In a sense, the language barrier protected us from the pain; we weren’t barraged, as others were, with constant news reports. Nor, because of the language difference, were we conversing with others about what had happened.

And yet, being thousands of miles away from our friends, family and community also meant a strange sense of disconnectedness tinged with guilt. No matter how far off the beaten path we ventured, sometimes on roads not much wider than our rented Renault, the news from home stalked us.

Meanwhile, though, we sensed that America’s pain was Europe’s pain. While we were at a D-Day museum, a British schoolmaster cautioned his students to treat Americans with extra respect because of what had happened. On back roads in Luxembourg, the country’s flags hung from windows, tied with black “mourning” bands. Once, not far from where Allied troops fought German troops in the bitter Battle of the Bulge, we came across a memorial for the 80th Infantry. It overlooked a beautiful valley and was anchored by two flags, both half-staffed: an American flag and a Luxembourg flag.

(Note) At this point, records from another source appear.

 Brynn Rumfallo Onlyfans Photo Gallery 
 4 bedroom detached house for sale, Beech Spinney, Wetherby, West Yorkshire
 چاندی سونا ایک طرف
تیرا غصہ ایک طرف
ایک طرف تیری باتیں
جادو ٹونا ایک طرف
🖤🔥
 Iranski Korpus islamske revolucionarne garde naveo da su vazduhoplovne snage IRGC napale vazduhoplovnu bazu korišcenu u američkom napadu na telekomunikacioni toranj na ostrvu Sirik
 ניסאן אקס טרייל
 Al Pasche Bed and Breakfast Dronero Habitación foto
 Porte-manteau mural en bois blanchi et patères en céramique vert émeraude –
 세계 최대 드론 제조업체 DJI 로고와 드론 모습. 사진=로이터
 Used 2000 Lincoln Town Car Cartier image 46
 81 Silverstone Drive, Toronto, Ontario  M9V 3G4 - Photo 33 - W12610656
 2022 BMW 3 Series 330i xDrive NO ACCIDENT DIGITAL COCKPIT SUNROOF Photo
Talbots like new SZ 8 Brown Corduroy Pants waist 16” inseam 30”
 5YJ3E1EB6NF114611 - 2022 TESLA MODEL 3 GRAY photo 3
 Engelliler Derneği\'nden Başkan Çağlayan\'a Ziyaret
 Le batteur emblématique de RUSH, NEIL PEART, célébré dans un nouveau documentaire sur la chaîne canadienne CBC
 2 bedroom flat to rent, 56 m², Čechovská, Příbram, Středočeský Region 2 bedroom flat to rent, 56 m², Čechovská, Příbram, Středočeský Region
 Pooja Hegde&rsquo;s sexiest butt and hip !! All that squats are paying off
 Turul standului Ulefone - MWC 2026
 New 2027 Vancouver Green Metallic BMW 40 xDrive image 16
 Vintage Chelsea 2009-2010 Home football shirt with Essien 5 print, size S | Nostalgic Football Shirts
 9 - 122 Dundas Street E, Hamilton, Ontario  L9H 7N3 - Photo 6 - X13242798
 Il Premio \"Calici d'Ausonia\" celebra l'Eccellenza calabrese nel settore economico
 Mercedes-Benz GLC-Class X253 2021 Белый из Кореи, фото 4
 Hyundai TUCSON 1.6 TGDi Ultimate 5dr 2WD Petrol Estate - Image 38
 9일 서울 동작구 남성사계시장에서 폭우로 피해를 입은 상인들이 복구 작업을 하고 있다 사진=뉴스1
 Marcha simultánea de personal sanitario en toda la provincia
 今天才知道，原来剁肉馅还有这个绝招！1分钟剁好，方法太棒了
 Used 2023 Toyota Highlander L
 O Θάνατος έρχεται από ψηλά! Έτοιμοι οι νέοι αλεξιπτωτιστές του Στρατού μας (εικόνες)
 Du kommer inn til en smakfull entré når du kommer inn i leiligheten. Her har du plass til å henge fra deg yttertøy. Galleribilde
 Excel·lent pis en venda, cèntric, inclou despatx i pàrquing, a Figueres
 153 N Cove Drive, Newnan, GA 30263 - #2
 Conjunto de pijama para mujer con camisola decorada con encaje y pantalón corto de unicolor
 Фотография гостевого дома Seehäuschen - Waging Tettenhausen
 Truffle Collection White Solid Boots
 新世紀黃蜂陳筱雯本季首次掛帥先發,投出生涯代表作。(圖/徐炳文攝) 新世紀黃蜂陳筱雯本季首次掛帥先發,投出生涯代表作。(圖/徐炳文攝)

We couldn’t help but notice the Stars and Stripes had, in the heavy wind, ripped loose from one of its two grommets. It was flying wildly out of control—and yet with a certain amount of tenacity, battered but not beaten, like the country itself.

Finally, on a drizzly Saturday, not far from Liege, Belgium, and the German border, we scanned the white markers of yet another American military cemetery, where more than 7,000 U.S. soldiers had been buried. As I looked at the sea of white crosses and Star of David symbols, I couldn’t help but think this was roughly the number of people who had died in the terrorist attacks.

It left me feeling despondent, contrasting the pain of the past with the pain of the present. Would we ever get beyond man’s humanity to man? Hadn’t the world learned anything in the last half-century-plus?

But just when I had resigned myself to a bleak world in which nobody seemed to care about one another, an incident whispered hope to me.

I’d been interviewing the cemetery’s supervisor—the subject of a book I’m writing was once buried on these grounds—when a man with a handful of daisies poked his head in the door.

He was roughly the same age that many of these U.S. soldiers from World War II would have been had they lived. He was German. He spoke little English. And he was, I discerned, seeking a vase.

“Who are the flowers for?” asked the supervisor.

“For New York,” he said, “and Washington.”